The relation-based plugins

These plugins are more elaborate, as they have to process events specific to the given plugin. We also must consider the case of large deployments, where data may come via dedicated relation or the peer-cluster relation.

These plugins should be managed by a separate entity, named the relation manager. Defining a common structure for the relation manager is outside of the scope of this PR.

For example, repository-s3 and OpenSearch backup.

New Plugin Manager Infra

Now, the plugin manager is able to manage plugins that depend on config options, API calls and secrets. Whenever adding a new plugin, we should consider:

opensearch_plugins.py: this plugin should have a representation that is consumable by plugin_manager; it should be composed of all the configurations and keys to be added or removed to the cluster's main configuration
opensearch_plugin_manager.py: add the new plugin to the plugin dict; the manager must be able to instantiate this new plugin
opensearch_{plugin-name}.py: if the plugin is managed by a given relation, this lib will implement the relation manager and interface with OpenSearch's plugin-specific APIs
models.py: add any relation data model to this lib
Using the new plugin data provider
While specific classes takes care of the plugin's API calls (e.g. /_snapshot API for the backup plugin is done by OpenSearchBackup class), the data provider facilitates the exchange of relation data between the specific class and the plugin_manager itself. This way, the plugin manager can apply any cluster-wide configurations that are needed for that plugin.

We need a class to do deal with relation specifics as some plugins may expect different relations depending on their deployment description, e.g. OpenSearchBackupPlugin. The OpenSearchPluginDataProvider encapsulates that logic away from the main plugin classes.

Secret Management

Each plugin that handles the specific secrets must implement the secret management logic in its operation. The goal is to avoid filling the opensearch_secrets.py methods with ifs for each plugin case and separating / isolating each plugin code.

Remove unneeded restarts and add caching

We ensure that any configuration changes that come from plugin management are applied via API before being persisted on config files. If the API responds with a 200 status, then we should only write the new value to the configuration and finish without a need for restart.

In case the service is down and API is not available, we can assume we will eventually start the service back up. In this case, it suffices to write the config entries to the files and leave to the next start to pick them up.

This task is going to be divided into 3x parts:

Addresses low ranging fruits where we reduce the number of restarts and add caching support
Three main actions: (i) Merge {add,delete}_plugin together and its equivalents in OpenSearchPluginConfig class; (ii) we receive one big dictionary where a key: None means we want to simply delete that entry; and (iii) the main OpenSearchKeystore must observe secret changes and update its values accordingly
Returns unit tests: this is going to be commented out whilst Parts 1 and 2 happen, given this part of the code was covered with extensive testing
The current implementation of plugin_manager.run waits for the cluster to be started before processing its config changed. We relax this demand and open to the option where the cluster is not yet ready, so we can modify the configuration without issuing a restart request.
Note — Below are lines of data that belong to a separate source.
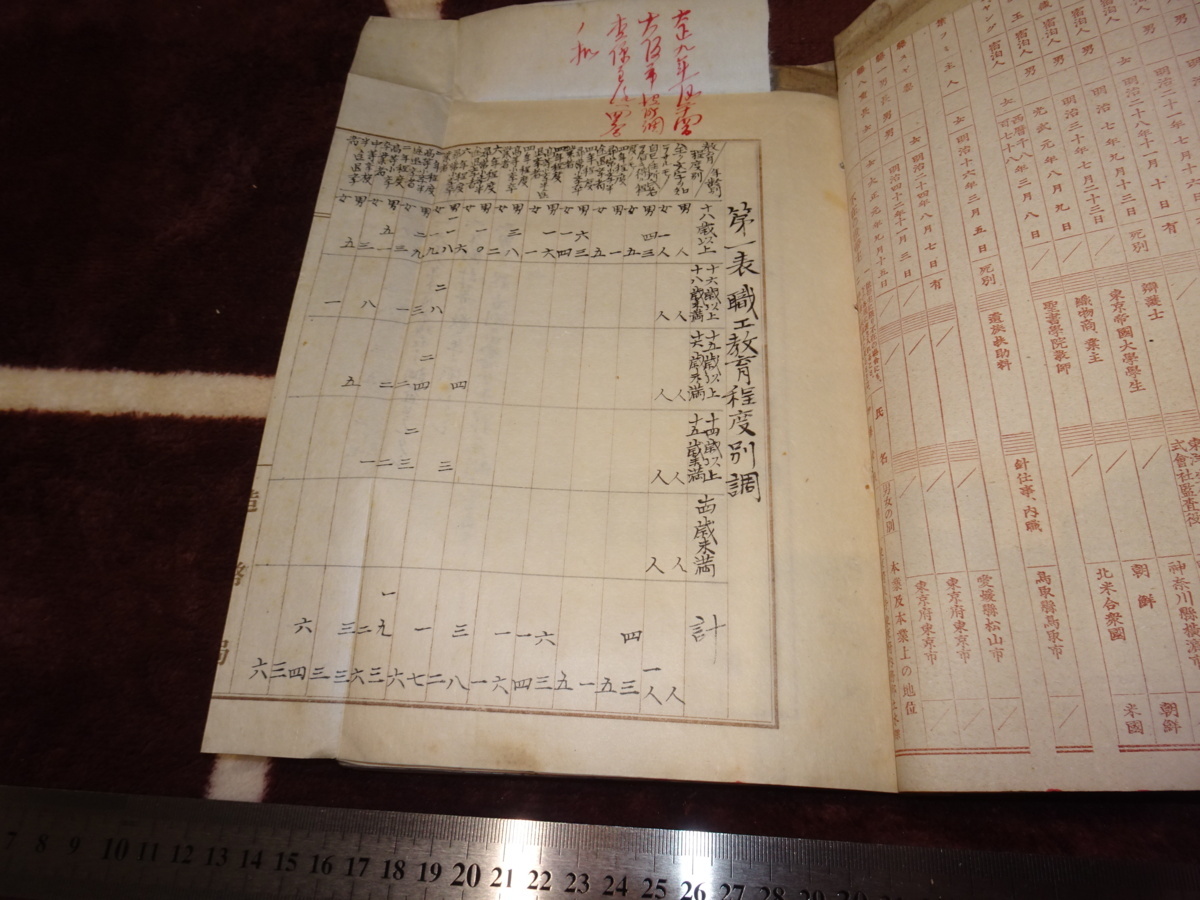 rarebookkyoto M16 金融経済資料 造幣局 参考書 原稿 1920年 rarebookkyoto M16 金融経済資料 造幣局 参考書 原稿 1920年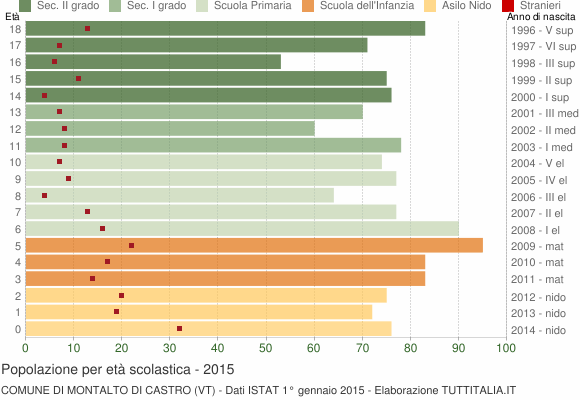 Grafico Popolazione in età scolastica - Montalto di Castro 2015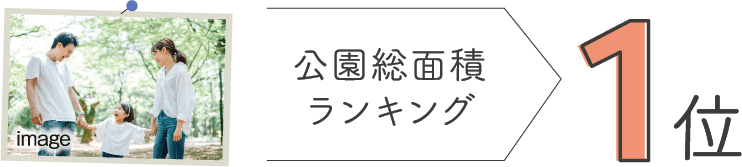 公園総面積ランキング1位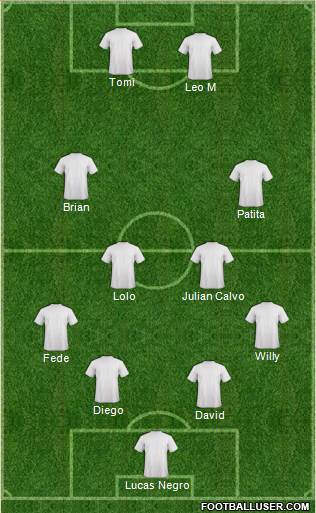 Dream Team Formation 2018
#252 is closed with OpenSearchPluginRelationsHandler interface. It allows plugins to define how they will handle its relation(s). opensearch_backup module extends this interface and defines a checker to process either small or large deployments details.

Other relevant changes:

Renaming method check_plugin_manager_ready to check_plugin_manager_ready_for_api
Any plugin that needs to manage things via API call should check the health of the cluster using check_plugin_manager_ready_for_api
Moving opensearch_distro.version to load the workload_version file we have present instead of an API call: this is two fold, 1. removes the dependency to a cluster to be ready and 2. makes this method in-sync with recent changes for upgrades logic
Waive the need of loading the default settings if this particular unit is powered down: which makes sense, in this moment we can do any config changes as we will eventually powered it back up later
If /_cluster/settings is available: apply the configs via API and do not add a restart request
On config-changed handler, the upgrade_in_progress check gets precedence and will continuously defer config-changed event until upgrade is finished before calling the plugin manager
Create a OpenSearchKeyStoreNotReadyYetError: responsible to identify the keystore has not been initialized yet across the cluster and hence, we cannot manage any plugins that use it; however, we always apply the opensearch.yml changes from that plugin
Add cached_property whenever it makes sense, also adds logic to clean the cache if there was any relevant changes to its content.
That still frees the config_changed to just call plugin_manager.run() before everything is set, as the run() method changes hard configuration only.

Closes #252, #280, #244

…run_cmd on Keystore class

…er-change-before-started-set

phvalguima · 2024-09-13T12:23:53Z

lib/charms/opensearch/v0/opensearch_base_charm.py

                HealthColors.GREEN,
                HealthColors.IGNORE,
            ]:
-                event.defer()


This defer brings no real benefit, as another update-status will forcefully happen.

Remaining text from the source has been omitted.